New Building Coating Protects Against Erosion


Researchers from the University of Hertfordshire in the United Kingdom have recently developed a new limewash for building surfaces that uses bacteria to create a barrier against erosion damage.

The team believes the coating to be the first of its kind and is working on a pre-production prototype to be trialed in Scotland.

Coating Testing Plans

According to the university, the limewash contains non-pathogenic bacteria, which increase the amount of carbon dioxide that a building surface can absorb through photosynthesis. As a result, this generates additional calcium carbonate to form a barrier against erosion, as well as encourage self-repairing mechanisms.

Whiskey makers Whyte & Mackay Ltd. have agreed to partner to trial the prototype on their distillery on the Isle of Jura off the west coast of Scotland. Wind-driven rain on the island reportedly damages the building surfaces of the distillery.

This results in the need for annual recoating, which the company reports is disruptive to production and tourism. This also increases the company’s carbon emissions, as they transport materials to the island and carry out maintenance works.

The self-repairing coating is anticipated to lower the frequency of maintenance, reduce disruption to the distillery and to tourism, and lower carbon emissions caused by frequent maintenance. It will also actively absorb carbon, supporting Whyte & Mackay’s stated zero-carbon commitments. 

The researchers report that over time, the limewash will improve the carbon absorption of the building surface, strengthening the outer layer and reducing maintenance requirements.

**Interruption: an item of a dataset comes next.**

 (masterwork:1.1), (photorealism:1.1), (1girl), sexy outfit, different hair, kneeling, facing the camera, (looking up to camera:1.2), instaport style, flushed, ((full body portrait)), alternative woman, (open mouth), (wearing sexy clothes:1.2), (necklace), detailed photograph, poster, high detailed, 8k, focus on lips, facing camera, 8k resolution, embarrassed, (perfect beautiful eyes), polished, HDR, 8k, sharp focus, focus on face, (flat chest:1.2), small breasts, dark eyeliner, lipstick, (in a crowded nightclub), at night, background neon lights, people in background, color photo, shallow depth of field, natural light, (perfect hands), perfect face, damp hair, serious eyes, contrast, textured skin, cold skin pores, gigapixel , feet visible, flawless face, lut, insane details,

“We are excited to see the potential impact that our research will have on the resilience and maintenance of the distillery. Following the planned field trials, there is scope for this method to be used on a much wider scale,” said Professor Ljubomir Jankovic, Professor of Advanced Building Design and founder of the University of Hertfordshire’s Zero Carbon Lab.

“As well as supporting Whyte & Mackay’s zero-carbon aims, we also intend to give local community, trade and homeowners the opportunity to use the product. This will help them to lower traditional maintenance costs, supporting environmental goals and the local tourism economy.”

The research was conducted by the university’s Zero Carbon Lab, alongside manufacturer UK Hempcrete Ltd. The work was funded by the Arts and Humanities Research Council (AHRC) through the Design Exchange Partnership program.

“This collaboration with the University of Hertfordshire and White & Mackay is a perfect fit for UK Hempcrete,” added Alex Sparrow, UK Hempcrete’s Managing Director.

“This is an opportunity to develop an innovative new low-carbon product in tandem with the development of primary research at the University, and simultaneously see its application in a real-world context. This fits exactly with our ethos of improving the technical performance of buildings in the real world, whilst lowering their carbon footprint.”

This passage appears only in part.